BEGIN
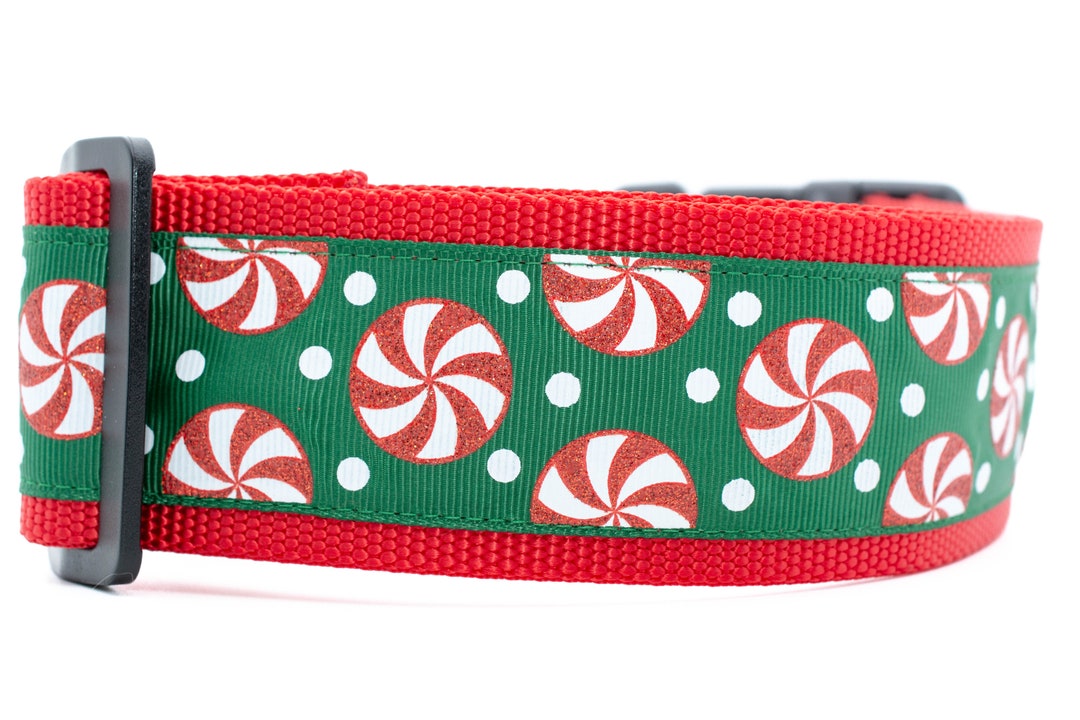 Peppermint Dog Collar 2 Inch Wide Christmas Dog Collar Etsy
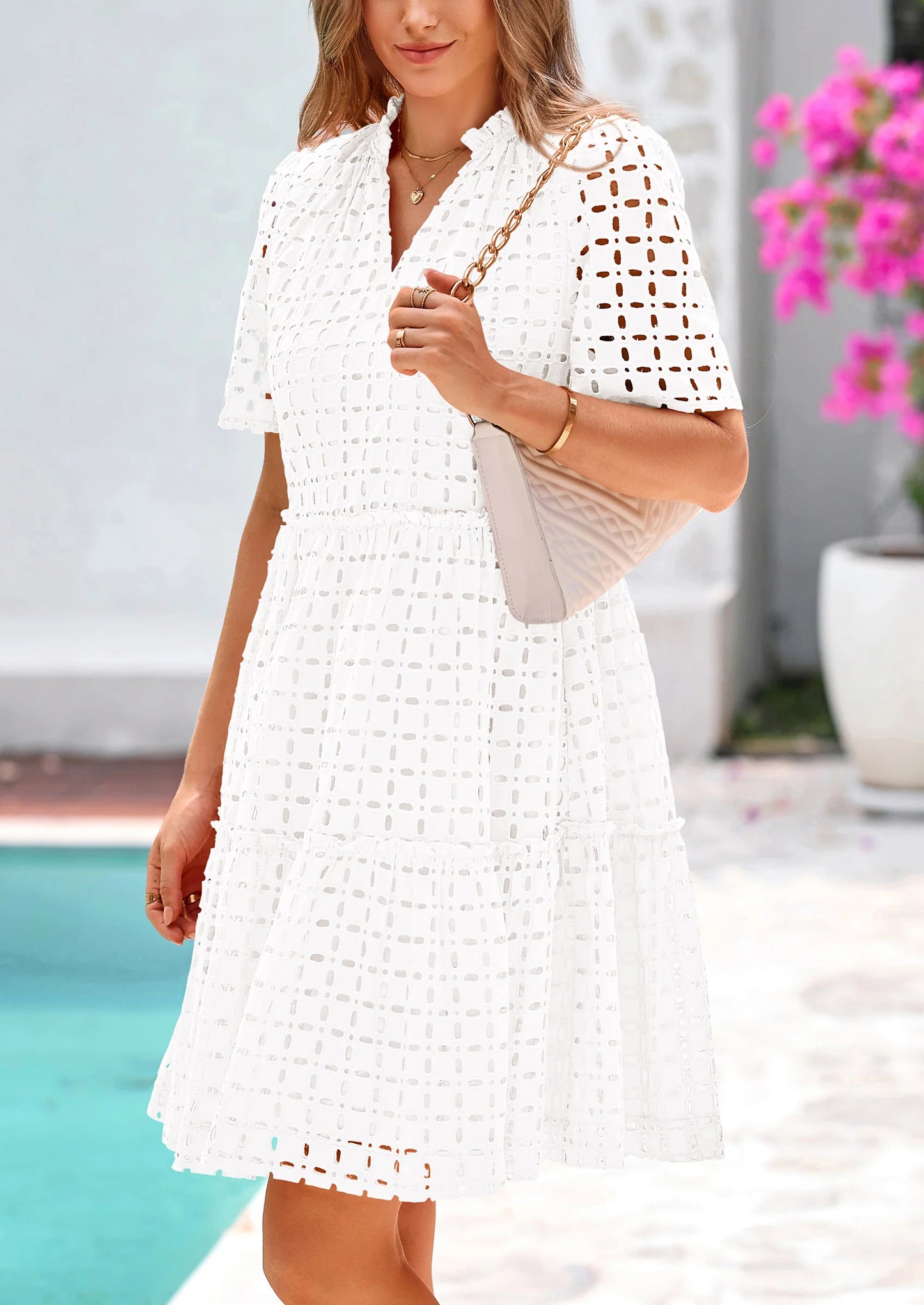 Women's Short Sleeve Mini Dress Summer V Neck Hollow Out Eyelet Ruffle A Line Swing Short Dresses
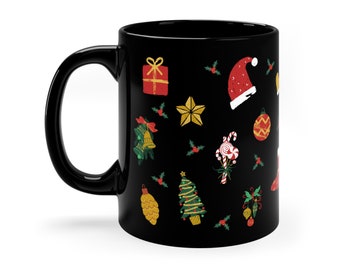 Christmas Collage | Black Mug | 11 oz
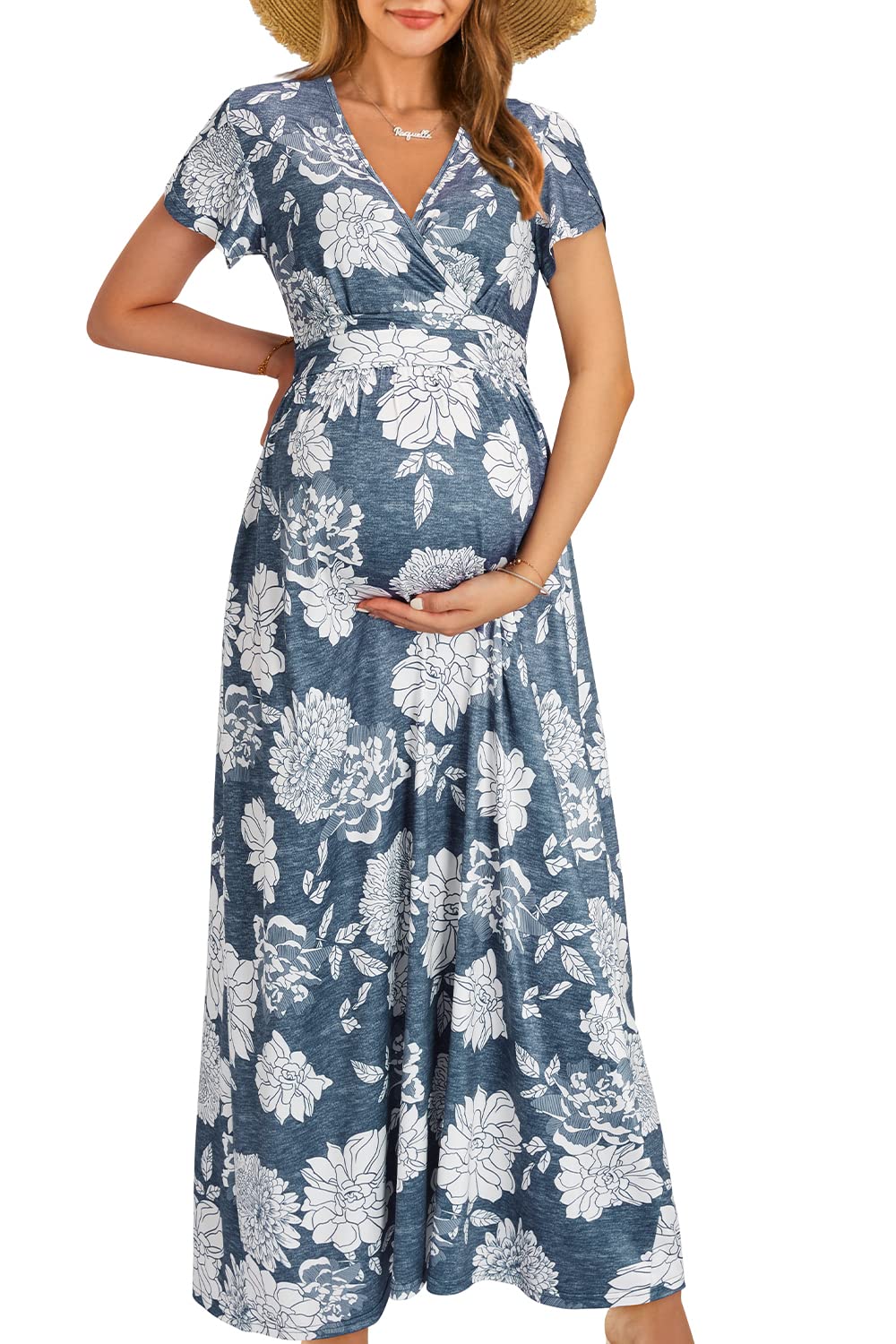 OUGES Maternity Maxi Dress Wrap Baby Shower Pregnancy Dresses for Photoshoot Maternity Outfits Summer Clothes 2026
END
YOUR ASSIGNMENT => Set down the material above as is, without any pictures.

RESULT BELOW =>
 Peppermint Dog Collar 2 Inch Wide Christmas Dog Collar Etsy
 Women's Short Sleeve Mini Dress Summer V Neck Hollow Out Eyelet Ruffle A Line Swing Short Dresses
 Christmas Collage | Black Mug | 11 oz
 OUGES Maternity Maxi Dress Wrap Baby Shower Pregnancy Dresses for Photoshoot Maternity Outfits Summer Clothes 2026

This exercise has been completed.